En réponse, le proviseur du lycée, Michel Schelcher-Beyer, écrit une lettre au maire [10] dès le 31 mars 2009, dans laquelle il se désole de « l’image extrêmement négative que donnent aujourd’hui certains manifestants, à la fois d’eux-mêmes comme de leur groupe d’appartenance (leur entreprise pour les ouvriers, le club pour les supporters, l’école pour les lycéens, l’Université pour les étudiants...) ». A partir de là, le proviseur invite le maire à s’unir à ses efforts contre les affreuses minorités lycéennes : « ici l’incivilité, là le vandalisme, exigent que nos rangs soient denses, et que ne manquent ni le courage ni la force de l’engagement ».
Faire grossir les « rangs » de ceux qui ont le « courage » et la « force de l’engagement » pour recadrer et réprimer les auteur-e-s d’incivilités et de vandalisme. Choisis ton camp, camarade !
Zanzara athée, janvier 2011
Gibert Meyer, maire de Colmar, perd la boule, par Jakouille, le 2 avril 2009.
Le (...) maire de Colmar, Gilbert Meyer, 68 ans, vient à nouveau de se distinguer.
En lisant le journal, hier, je croyais à un Poisson d’Avril, mais l’info est reprise ce matin par L’Alsace, c’est donc incroyable mais vrai.
Gilbert Meyer a décidé de suspendre les subventions aux voyages d’études du Lycée Camille-Sée, pour le motif que 250 des 1200 lycéens de l’établissement ont participé à la manifestation du 19 mars, en traitant les forces de police et le gouvernement « de noms d’oiseaux » selon le maire, et en n’ayant pas respecté le parcours prévu… Il faut préciser qu’aucune dégradation, ni atteinte aux biens privés ni publics, n’a été constatée.

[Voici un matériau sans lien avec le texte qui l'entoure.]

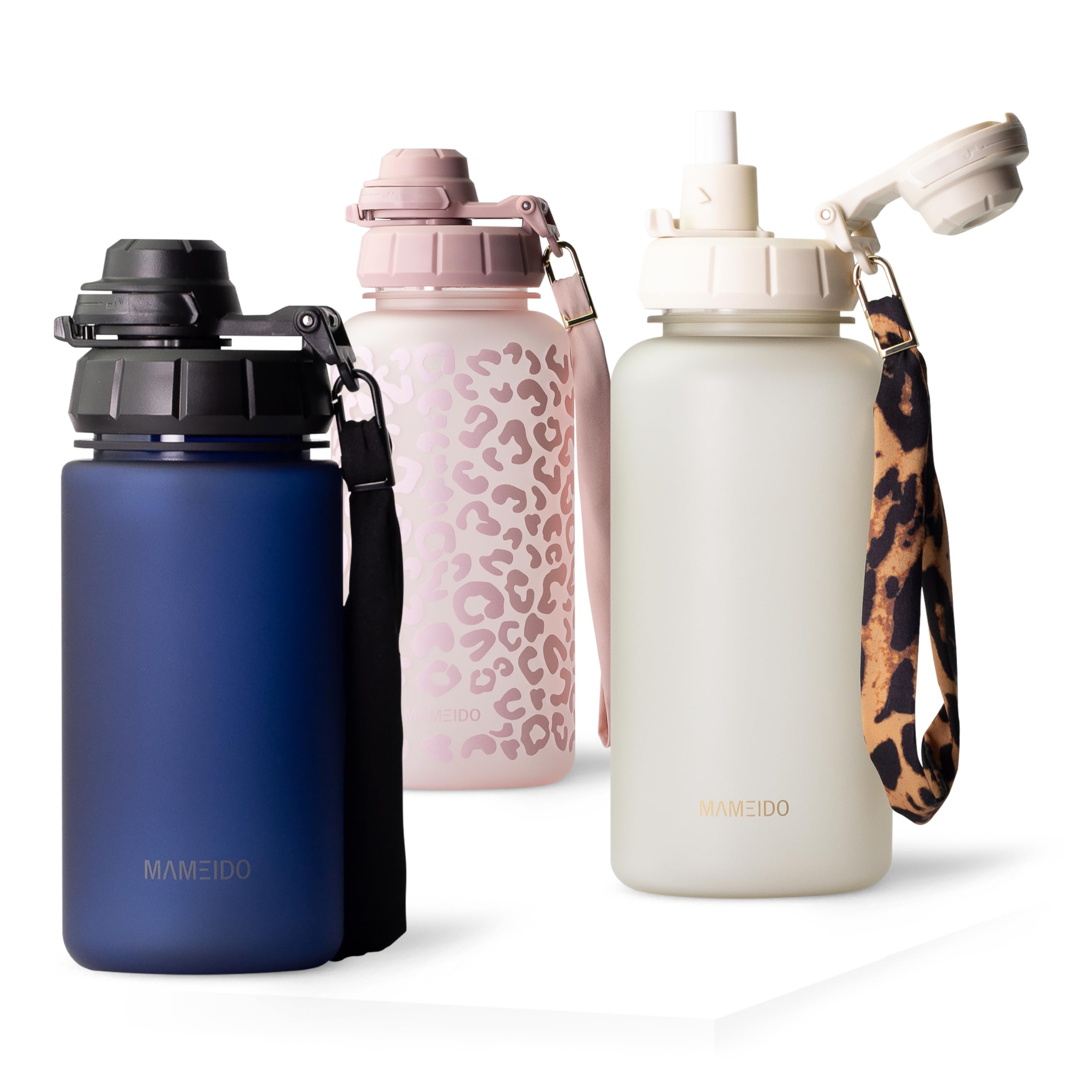 MAMEIDO Trinkflasche mit Strohhalm & Trageschlaufe aus Tritan 500 ml, Wasserflasche auslaufsicher, Flasche BPA-frei für Jungen & Mädchen (Dark Night)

Là je m’inquiète : on peut donc être sénile à 68 ans, pôvre de moi, je m’en approche à petits pas…
Voir aussi l’article « Le maire punit le lycée Camille-Sée », paru dans les Dernières Nouvelles d’Alsace le 31 mars 2009, et « Colmar : le maire fouettard prive de voyage les lycéens rebelles », paru sur le site Rue89 le 2 avril 2009.
[1] cf. par exemple les nombreuses brochures qui se trouvent dans les rubriques Mouvements sociaux et Education / système scolaire d’infokiosques.net.
[2] Note de Zanzara athée (NDZA) : CLI, cf. http://manifestationscolmar.forumac....
[3] NDZA : Mouvement des Jeunes Socialistes, affilié au Parti socialiste.
[4] NDZA : Fédération Indépendante et Démocratique Lycéenne, liée au Parti socialiste et à SOS Racisme.
[5] NDZA : Assemblée générale.
[6] NDZA : cf. http://fr.wikipedia.org/wiki/Luc_Chatel.
[7] Note de Spartacus : Gilbert Meyer jouit d’une renommée nationale, notamment pour avoir coupé les subventions pour les voyages scolaires du lycée Camille-Sée début 2009 afin de condamner les lycéens et lycéennes qui avaient eu l’audace de manifester !
[9] NDZA : Bon, comme le chantaient Sheila et Ringo en 1973, on dira « Laisse les gondoles à Venise / (...) / On n’ouvre pas les valises / On est si bien / (...) / Mets-nous un peu de musique / ’Et prends ma main ».